Mr. Sabin smiled at her, and there was a look in his eyes which shone there for no other woman.
“It is in effect,” he said, “keeping me young. Events seem to have enclosed us in a curious little cobweb. All the time we are struggling between the rankest primitivism and the most delicate intrigue. To-day is the triumph of primitivism.”
“Meaning that you, the medieval knight, have carried me off, the distressed maiden, on your shoulder.”
“Having confounded my enemy,” he continued, smiling, “by an embarrassing situation, a little argument, and the distant view of a policeman’s helmet.”
“This,” she remarked, with a little satisfied sigh as she selected an ortolan, “is a very satisfactory place to be carried off to.

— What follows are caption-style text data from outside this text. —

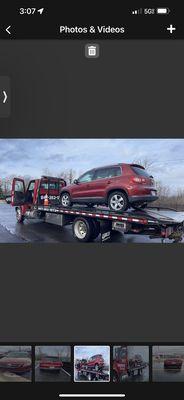 Jose Garcia's tow truck towing a car for me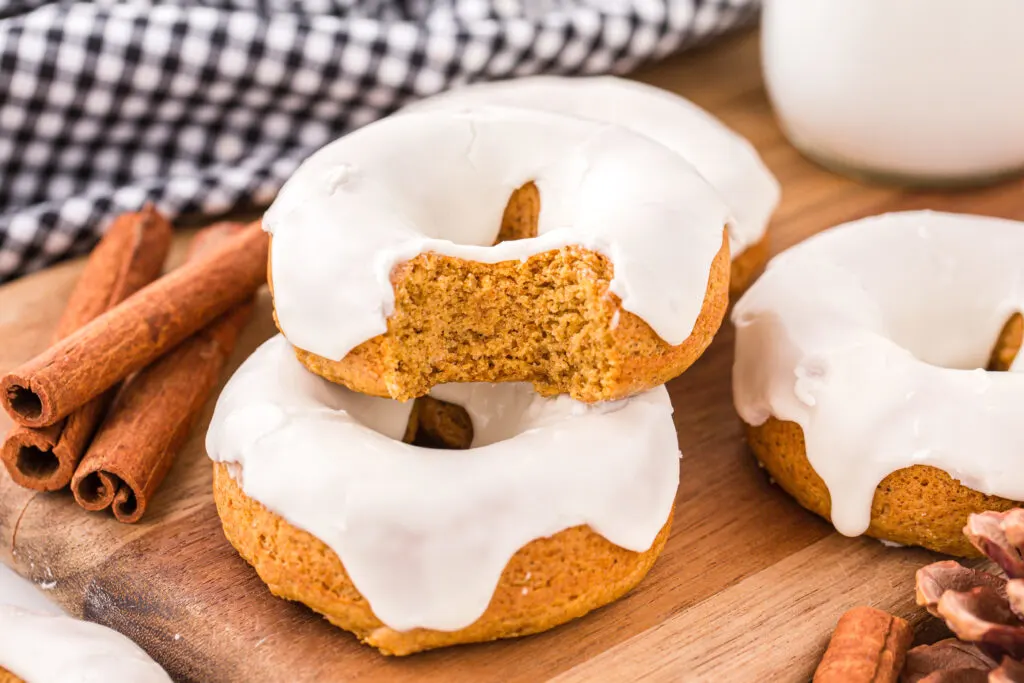 3-ingredient pumpkin donuts on a cutting board with bite taken out of one
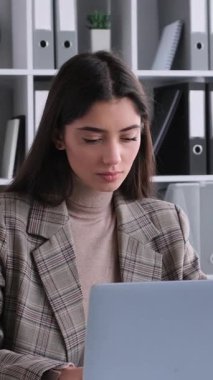 Düşünceli, genç, beyaz kadın, dizüstü bilgisayarla çalışıyor ve ofiste profesyonel muhasebe işleriyle uğraşıyor. Dikey video.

And you,” she added, leaning across the table and touching his fingers for a moment tenderly, “are a very delightful knight-errant.”
He raised the fingers to his lips—the waiter had left the room. She blushed, but yielded her hand readily enough.
“Victor,” she murmured, “you would spoil the most faithless woman on earth for all her lovers. You make me very impatient.”
“Impatience, then,” he declared, “must be the most infectious of fevers. For I too am a terrible sufferer.”
“If only the Prince,” she said, “would be reasonable.”
“I am afraid,” Mr. Sabin answered, “that from him we have not much to hope for.”
“Yet,” she continued, “I have fulfilled all the conditions. Reginald Brott remains the enemy of our cause and Order. Yet some say that his influence upon the people is lessened. In any case, my work is over. He began to mistrust me long ago. To-day I believe that mistrust is the only feeling he has in connection with me. I shall demand my release.”
“I am afraid,” Mr. Sabin said, “that Saxe Leinitzer has other reasons for keeping you at Dorset House.”
She shrugged her shoulders.
“He has been very persistent even before I left Vienna. But he must know that it is hopeless. I have never encouraged him.”
“I am sure of it,” Mr. Sabin said. “It is the incorrigible vanity of the man which will not be denied. He has been taught to believe himself irresistible. I have never doubted you for a single moment, Lucille. I could not. But you have been the slave of these people long enough. As you say, your task is over. Its failure was always certain. Brott believes in his destiny, and it will be no slight thing which will keep him from following it. They must give you back to me.”